Compound Objects: Are PDF-based or image-based compound objects preferred?
Last review: April 8, 2011
Description: The decision to convert PDF files to compound objects automatically or to construct compound objects from individual images is influenced by a variety of factors.
Choosing whether to produce compound objects by automatically converting multiple-page PDF files or building them with individual images depends on functionality, best practices and end-user experience. The PDF conversion functionality in CONTENTdm is designed specifically for born-digital documents. If an institution has born-digital documents, such as electronic theses and dissertations, electronic meeting minutes, eJournals, etc., the multiple-page PDF conversion functionality should be used.
When starting with physical materials that need to be scanned, we recommend using TIFF images and creating JPEG2000 derivatives to construct image-based compound objects. If you use the OCR features in the Project Client, this method ensures that full-text searching is available and search-term highlighting is applied to the pages when they are viewed by the end user.

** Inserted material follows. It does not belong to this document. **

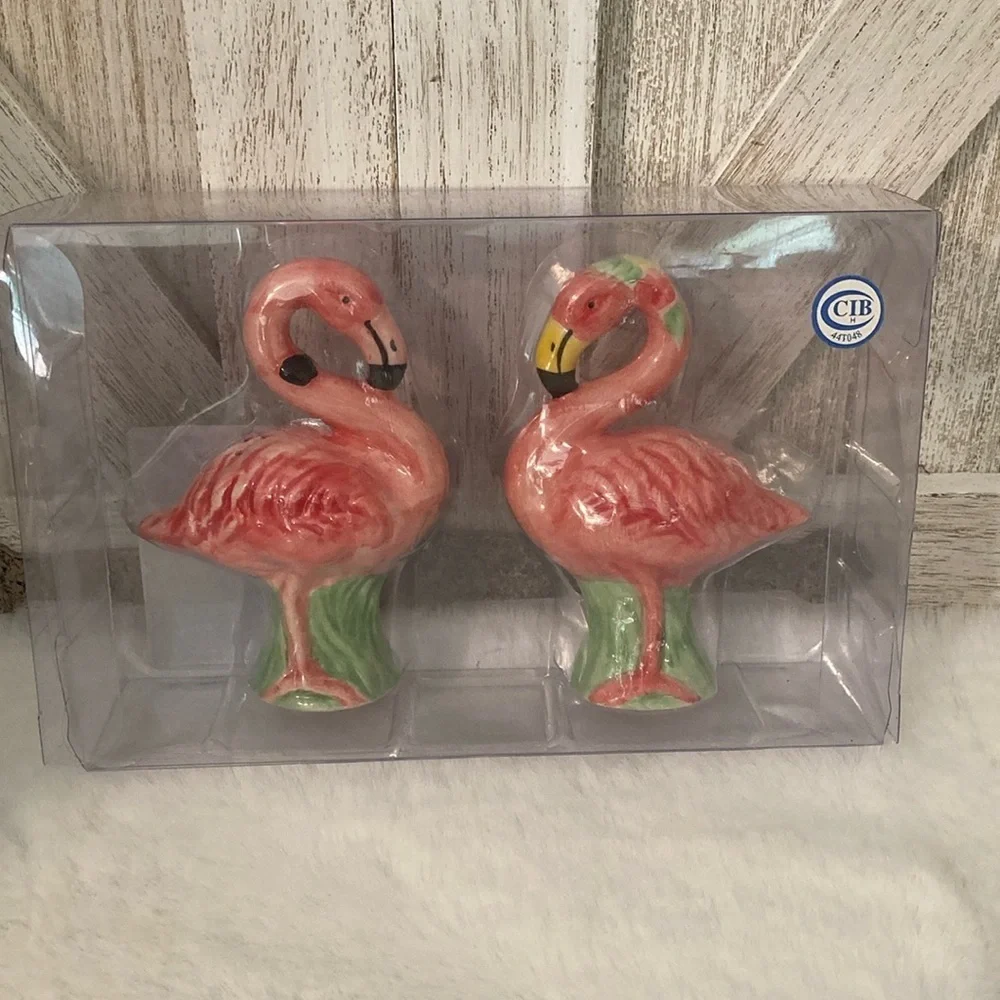 Hobby Lobby 2019 Flamingo Shakers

While you can achieve these same features by scanning and converting the materials to PDF files, it requires that the PDF creation tool has OCR functionality. Another consideration is that PDF files tend to be very large, if the item has a large number of pages. You will offer an improved end-user performance for an image-based compound object compared to a PDF-based compound object when there are hundreds of pages. This trade-off may be acceptable for born-digital PDF files because the effort to load them into CONTENTdm is lower than back-converting them to images and processing them in the Project Client as image-based compound objects.